The trial judge made the following findings of fact with respect to Exhibit 12:

"The precise and unequivocal concession on the facsimile covering page by both defence counsel is that "the roma people are an identifiable group, which were historically persecuted by the Nazis." Solely on the basis of that concession, the defence consented to the admission of the remaining part of the two pages of the exhibit, solely as background to the admission, the previous statement, and nothing more. As a further qualification, the defence writes that there are no further admissions and nothing further is conceded from the rest of the article.  A review of the article suggests that the term roma and gypsies may be synonymous.
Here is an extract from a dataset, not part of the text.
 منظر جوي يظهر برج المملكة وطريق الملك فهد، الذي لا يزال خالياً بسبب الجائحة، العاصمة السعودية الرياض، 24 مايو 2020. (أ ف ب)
However, whether they are one and the same is not clear. The concession from the defence does not go so far as to concede that they are one and the same, nor that gypsies are an identifiable group, historically persecuted by the Nazis.
...	
Regardless of what other discussions took place, Exhibit Number 12 is the final result of those discussions, and on its face is clear and unequivocal and would not in my view induce the Crown to believe that it is any more than clearly stated.
...
I put directly to Crown counsel in argument the question of which statements on the record made by the defence contributed directly or indirectly to the Crown’s omission or inadvertence.  The Crown was unable to direct me to any particular comments in the transcripts.  In my extensive review of the transcripts, I found no such statements."

The Crown also pointed to dictionary definitions of "gypsy" and "Roma".  The defence noted that the dictionary definitions of "gypsy" included "a cunning rogue" and that none of the definitions of "Roma" offered by the Crown referred to the word "gypsy".

The defence won the trial and the Crown appealed.

Both the Summary Conviction Appeal Court and later the Court of Appeal for Ontario upheld the acquittals.  The Court of Appeal found that "the term gypsy in its broadest sense is often used to refer to people who lead a nomadic life" and "conjures up unflattering or stereotypical images".  At the Court of Appeal, the Crown conceded that "not all people who are referred to as gypsies are in fact Roma".  The Crown appealed a third time, to the Supreme Court of Canada.

At the Supreme Court of Canada, the Crown conceded that no evidence was tendered at trial showing that the occupants of the motel where the demonstration occurred were in fact "Roma". Nevertheless, in its judgment several months later, the Supreme Court of Canada overturned the acquittals largely on the basis that, according to witnesses at trial, the motel housed "Roma".  The defence filed a motion for a re-hearing of the appeal. The motion was dismissed, without reasons.

Decision
The court overturned the dismissal and held, "The appeal should be allowed.  The acquittals are set aside and new trials ordered."

The decision of the Court was written by Justice Louise Charron. She first observed the hate speech law was discussed and held to be constitutional in the case R v Keegstra (1990). In Keegstra, it was found that the definition of the crime was specific enough to be enforceable and its infringement on freedom of expression was minimal. That meant that the Crown was obligated to show the protesters publicly promoted hatred against a racial or religious group. It was not disputed the Roma would be such a group. Moreover, the protesters targeted a specific group.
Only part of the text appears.